There was a place empty at my table this year, my dear and eldest brother Carl has passed on, his ashes safely stored at Fort Rosecrans National Cemetery. I spilled some mashed potatoes and gravy on my shirt, just as he so often did around the holiday table. It always brought a smile to my face to see a bit of Thanksgiving dinner faithfully preserved on his shirt … except that nice white shirt I got him for Christmas one year. After the first spill I demanded he wear a different shirt at the dinner table, one of his flannel shirts that tend to hide the stains.
But I remembered mine wasn’t the only table missing someone dear, as there are still hundreds of thousands of troops deployed around the world as we sit here, about 175,000 in harm’s way in Iraq and Afghanistan and of course over 3,000 families will forever be without someone dear, a man or woman who has given their last full measure of devotion in Iraq and Afghanistan.

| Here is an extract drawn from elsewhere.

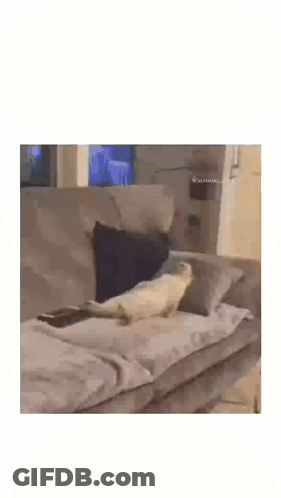 A Seal Laying On A Couch With The Words Me Back At Hop Having To Socia GIF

And yet, on Fox News Sunday this morning, William Kristol was on a panel with Mara Liasson, Brit Hume, Juan Williams and moderator Chris Wallace, telling everyone, with no repudiation from the rest of the panel, the troops had failed in Iraq. I quickly hit the record button to make sure it’s preserved as Fox has a habit of editing programs when one of their own says something stupid. The transcript hasn’t been posted as of this writing, so it will be of interest to see if Kristol’s comment stands.
And then later see how Kristol tries to spin his comment, “We have failed to win the war militarily,” so it isn’t an insult to the troops on the ground.

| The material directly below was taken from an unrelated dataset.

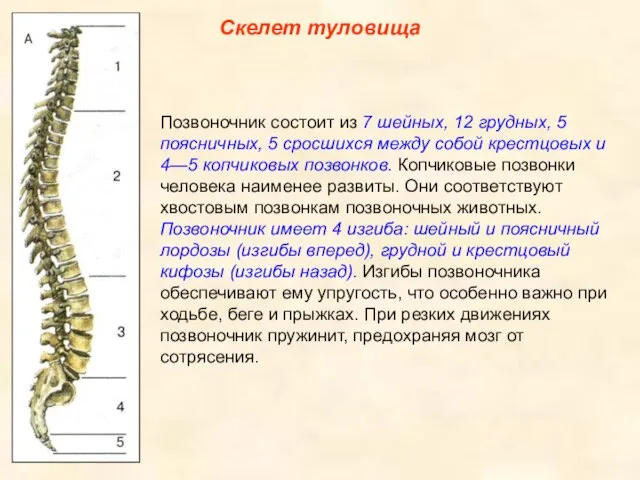 Скелет туловища Позвоночник состоит из 7 шейных, 12 грудных, 5 поясничных,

The war rages one with no end in sight. All the newsies are saying so, whether it be Fox, MSNBC, CNN and the major network news organizations. Everyone is waiting for the Baker-Hamilton group to make its recommendations, as if the silver bullet is there, waiting in their report. Or, as was suggested on FNS, the recommendations from the Pentagon, now that Robert Gates will take the helm.

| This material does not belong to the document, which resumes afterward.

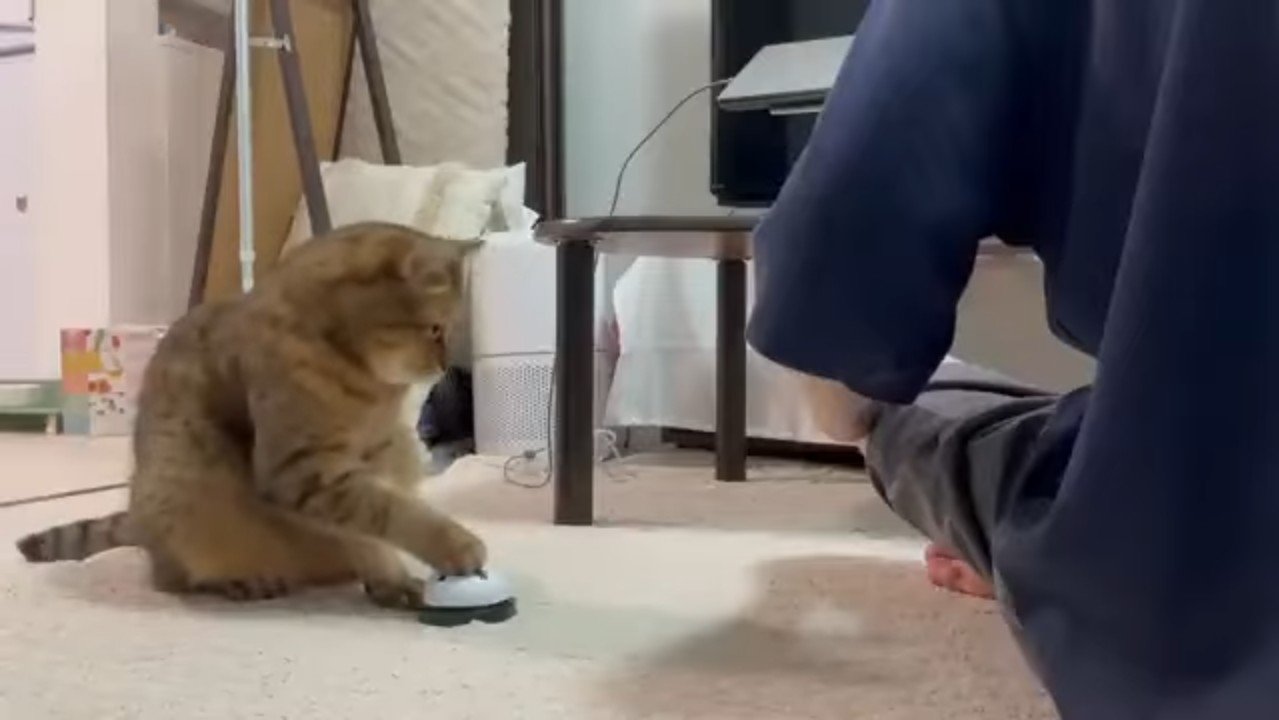 右前足でタッチ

Kristol, the neocon master who first began pushing for the invasion of Iraq over ten years ago, is now a critic of the war he engineered. Like his neocon partners Ken Adelman and Richard Perle, he is distancing himself from the failure of the Bush regime, despite his integral part in the fiasco. And no one, certainly no one on that Fox News panel, questions Kristol’s flip-flop on Bush and Iraq. Who really has resorted to “cut and run”?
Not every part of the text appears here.